● What is being asked: Your task is to transcribe exactly, and only, the lines running from the one with "Tíz év után talált rá lovára Fanni" to the end of the listing below, inclusive, with every picture left out.

● Data records:
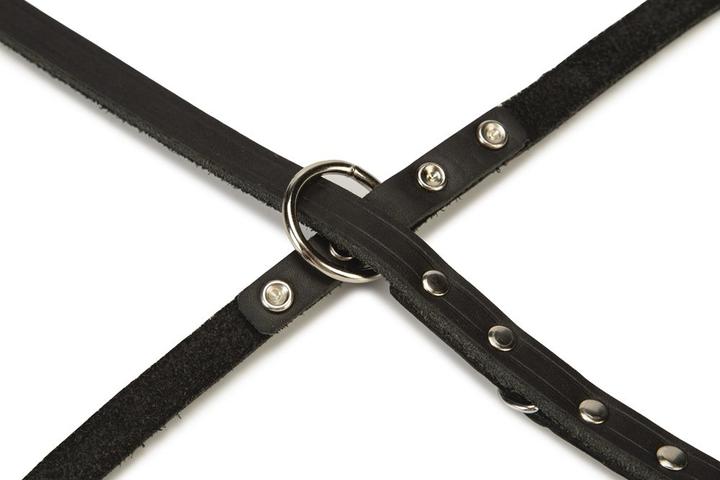 Actual product image Beeztees Dog leash (Dog)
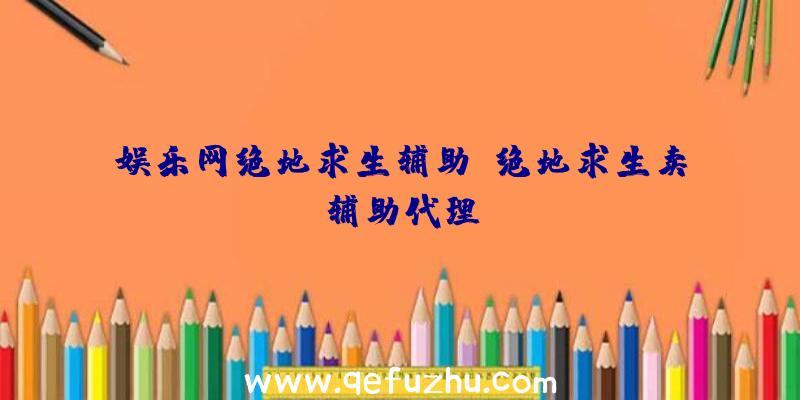 娱乐网绝地求生辅助、绝地求生卖辅助代理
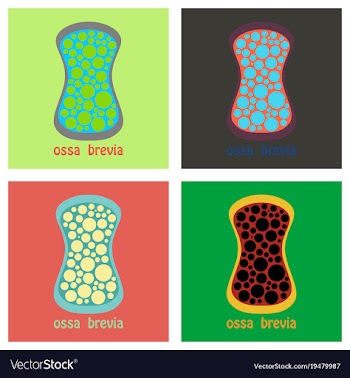 Set of bone flat icon single high quality outline vector image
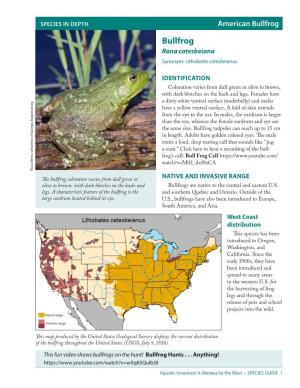 Species in Depth: American Bullfrog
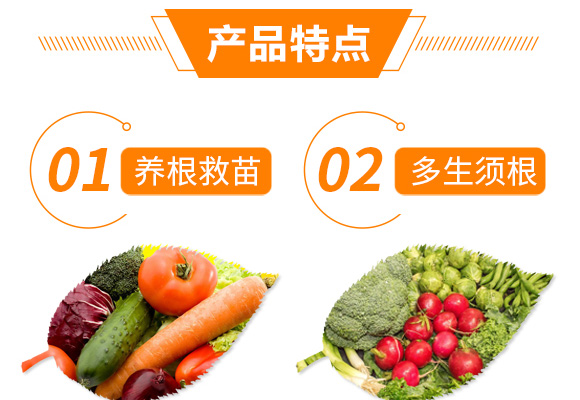 ΢�������-���S��-���R�S_05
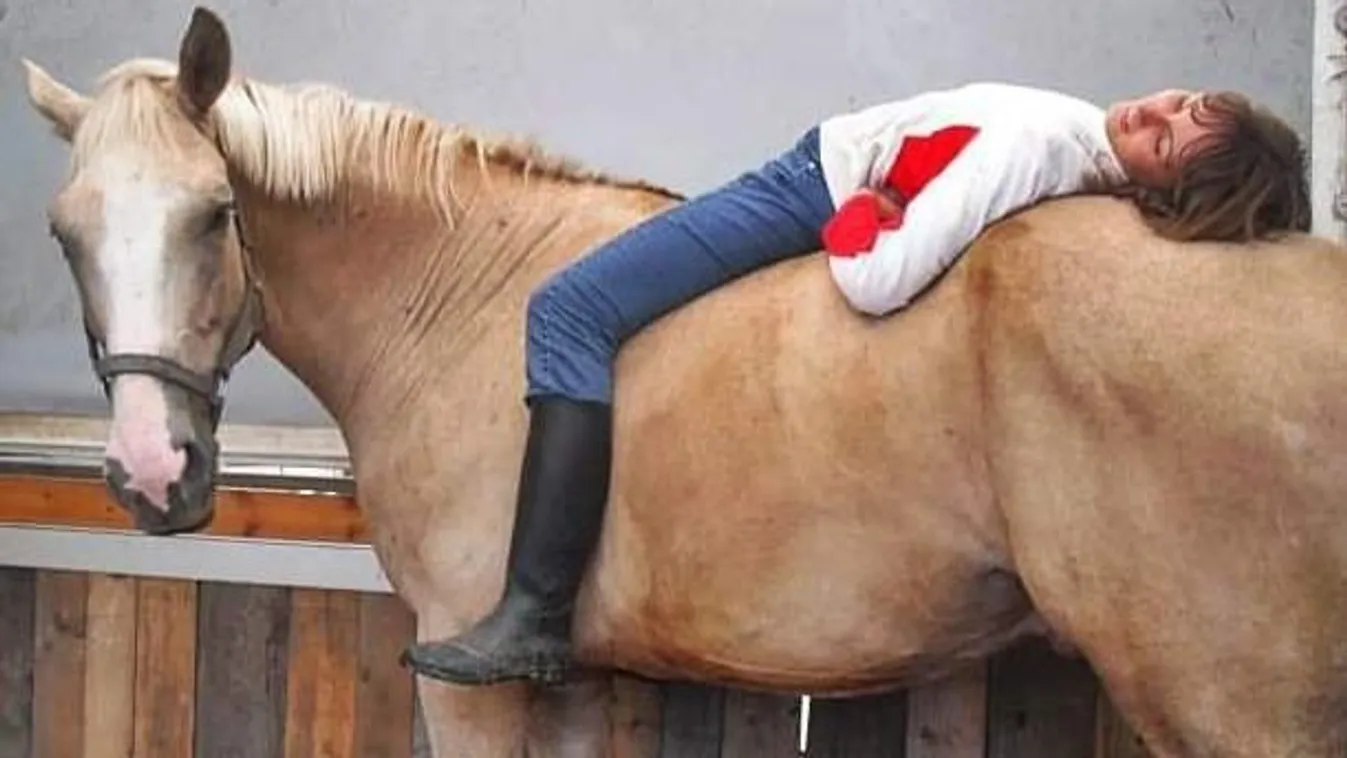 Tíz év után talált rá lovára Fanni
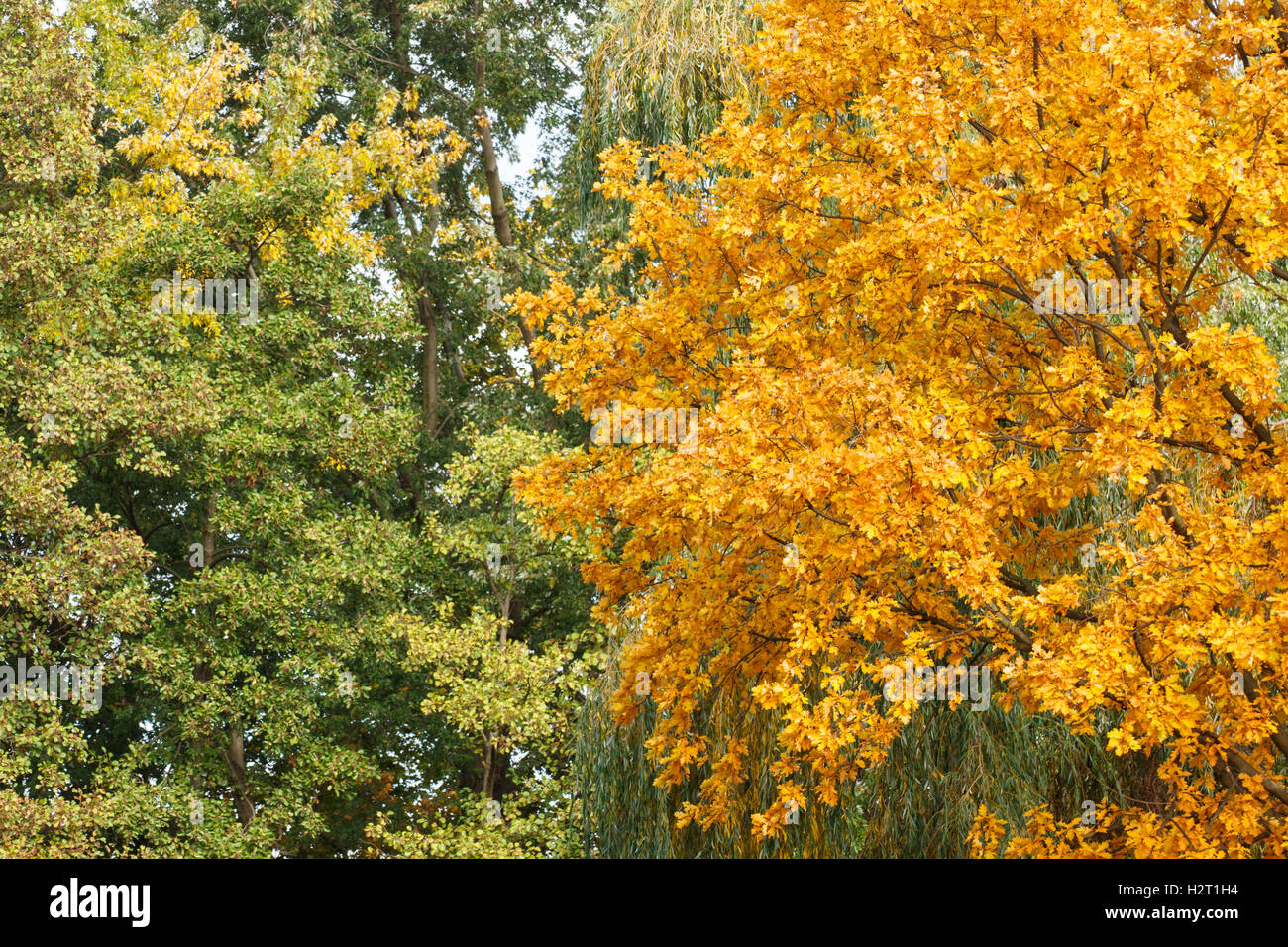 Trees with green, yellow and orange leaves in park, autumn Stock Photo ...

● Result:
 Tíz év után talált rá lovára Fanni
 Trees with green, yellow and orange leaves in park, autumn Stock Photo ...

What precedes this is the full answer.